Now you see it. Abracadabra! And now you don’t. Or do you?
A team of scientists, primarily based out of the University of Oxford, are currently undertaking serious experimentation with magic. Their latest study, published recently in Frontiers in Psychology, investigated whether a magician really could cheat us into believing we are saw an object that wasn’t actually there.
Magicians dazzle their audiences in numerous ways, but their repertoire is usually based on tricking our senses, distracting our attention and subtly persuading our mind.
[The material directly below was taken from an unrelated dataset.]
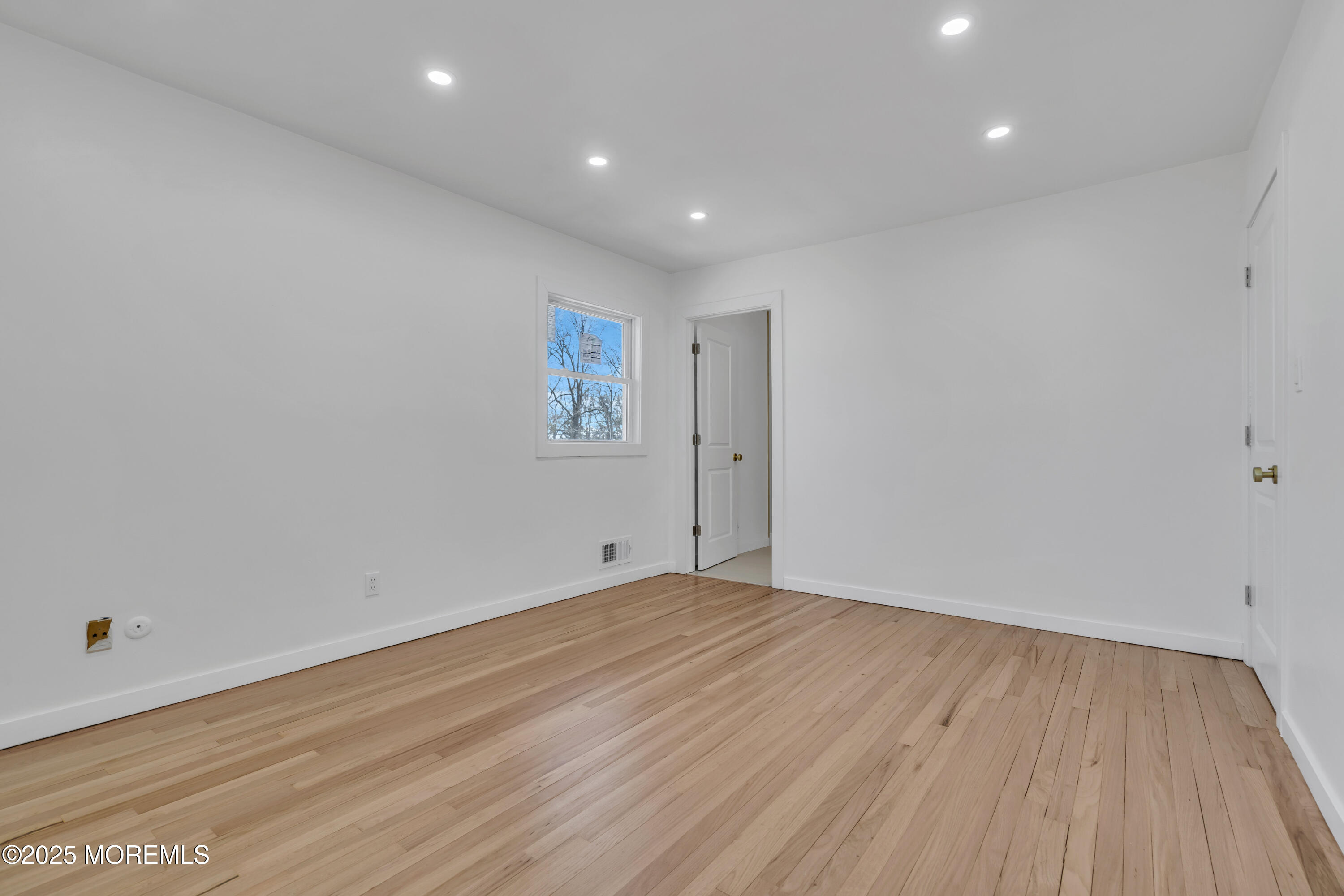 14 Burdge Drive, Howell, New Jersey image 26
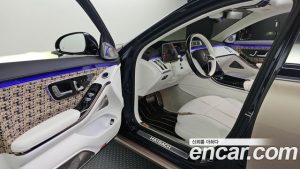 Mercedes-Benz S-Class Maybach S680 4MATIC HAUTE VOITURE Edition 2023 года из Южной Кореи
To test how magic tricks can manipulate perception, the team had 420 participants watch a series of five silent videos of a magician performing tricks with different objects. After each trick, the viewers were asked to write down what they saw and rate how surprising, impossible and magical the trick seemed. Using silent videos, the researchers thought, would rule out the influence of distracting talk or leading questions which usually garnish magic shows.
The first four videos showed the magician performing tricks with small props — levitating poker chips, vanishing crayons and making small balls appearing from nowhere. The fifth video showed The Phantom Vanish Magic Trick, where the magician mimed making an object disappear.
This trick might seem pointless at first, but 32% of the participants fell for it, reporting seeing the non-existing object vanishing in front their eyes.
Psychologists have proposed that our perception is formed by combining two approaches. One is “bottom-up processing,” which involves a direct, sensory flow of information. Basically what you see is what you get. The other is “top-down processing,” which states that our perception is influenced by previous knowledge, expectations and existing beliefs. Think about how you can see a common sign, like N_ SM_KING, and even if it’s missing letters, you can read it. Whenever we see, hear, taste, smell or touch something, our brain combines the sensory information (bottom-up processing) and any previous knowledge it has (top-down processing) to perceive a new information. Here, the question is at what extent our mind relies on one or the other processing when magic happens.
Magic tricks, the researchers show, seems to hijack your brain’s top-down processing. The first four videos, it seemed, could tune participants to see a pattern — real objects vanishing over and over. And after seeing something happening repeatedly, some participants watching The Phantom Vanish Magic Trick believed something “ought to be there“ in even though their eyes couldn’t confirm it.